CT angiography at 1 month, showing microcatheter in place and no pseudoaneurysm.

Discussion

This report describes the management of a patient who underwent attempted intra-arterial revascularization for acute ischemic stroke complicated by microcatheter arterial perforation. The best management of this complication is unknown. When confronted with this complication, the important initial step is to resist the reflex temptation to withdraw the microcatheter that caused the perforation. Premature withdrawal of the microcatheter could result in subarachnoid hemorrhage, potentially exacerbated by the preexisting use of thrombolytics or heparin. Leaving the microcatheter permanently in place can be regarded as a management option that minimizes this risk. When present, a thrombus proximal to the site of perforation likely protects the patient from hemorrhage.

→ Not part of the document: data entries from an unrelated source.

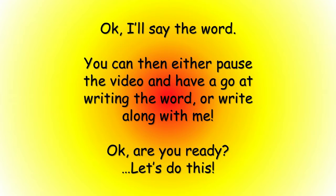I'll say the word. You can then either pause the video and have a go at writing the word, or write along with me. Okay, are you ready? Let's do this!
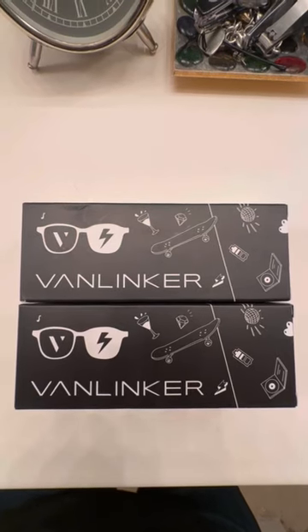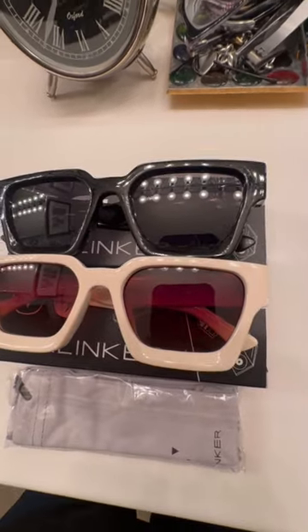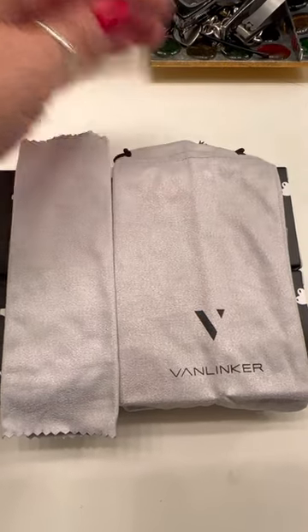I got another Amazon find — some sunglasses. Included with your sunglasses is this little cleaning wipe and a nice soft bag for the glasses as well.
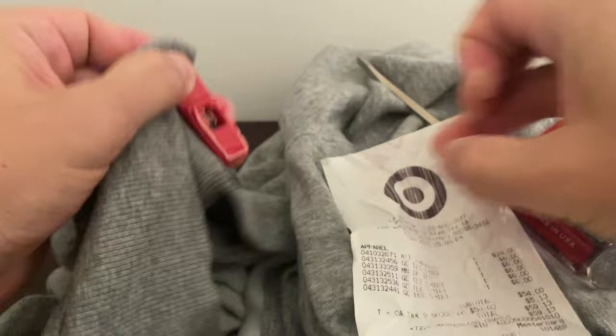Lesson learned — as self-checkout becomes more common, not just at Target but at other stores too, check your purchases for the security tags before you leave the store. Hope this helps. Thanks for watching.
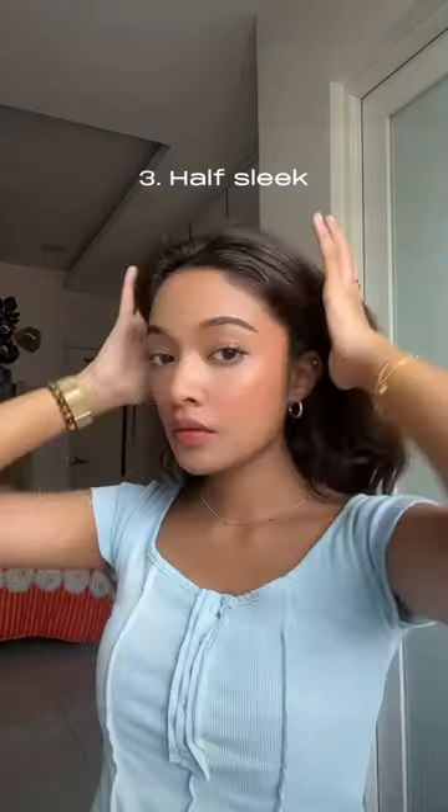Last is the half hair slick, which is a half up-do. I mean, nothing can go wrong with a half up half down hairstyle. Comment down below which was your favorite.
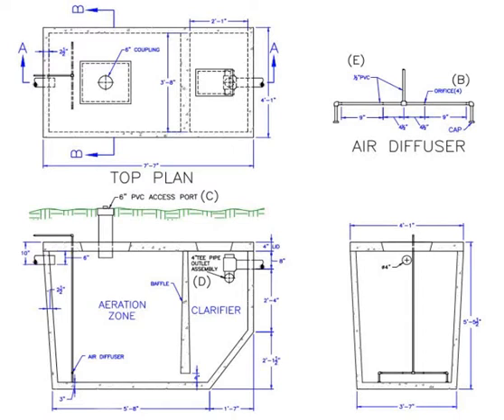The metal plants generally last for about 15 years before rusting out, and plastic will work for years, but only if the top is within a few inches of the ground, where it cannot be collapsed by the weight of the earth.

The long-term outcome of patients with retained microcatheters is not well characterized. This complication is more commonly encountered in patients who undergo embolization of an arteriovenous malformation (AVM) in which the microcatheter is inadvertently glued into a feeding artery.^5,6 In Debrun et al's⁵ series of AVM embolizations, this complication occurred in 3.1% of feeding artery embolizations in 233 patients, with a related neurologic deficit in 2 patients. Arterial injury by the microcatheter may elicit an inflammatory response within the endothelium and accelerate atherosclerosis.⁷ In turn, this may cause long-term complications such as pseudoaneurysm in the common femoral artery⁸ and thromboembolism, reported as long as 16 months after the event.⁷ Indefinite antithrombotic therapy is indicated for secondary stroke prevention from the presence of a foreign body.

Other management options of arterial perforation include medical, endovascular, and neurosurgical means. All ongoing thrombolytics or anticoagulants should be stopped or reversed. Endovascular options include coiling or gluing the perforated site in the vessel wall,⁴ but this necessitates withdrawal of the microcatheter from the perforated site. Further manipulation of the microcatheter could tear the arterial wall and result in uncontrolled hemostasis. The other difficulty with coiling or gluing the perforated site is that the exact location and extent of rupture may not be well defined on angiography. Neurosurgical trapping of the perforated site could be considered and has been described with microcatheter perforation during an AVM embolization.⁹ Transferring the patient to the operative suite in the setting of a large acute stroke with new subarachnoid hemorrhage is probably associated with high risks for complications because of the mobility required with transfer and risk of dislodging the microcatheter.

Conclusion

After identification of microcatheter arterial perforation in an acute ischemic stroke, leaving the microcatheter in place could be considered an option and may be life saving. In our opinion, indefinite antiplatelet therapy is indicated because of the presence of a foreign body. Short-term radiographic follow-up is necessary to study for potential complications such as pseudoaneurysm at the site of perforation, and long-term clinical follow-up is important to survey thromboembolic complications.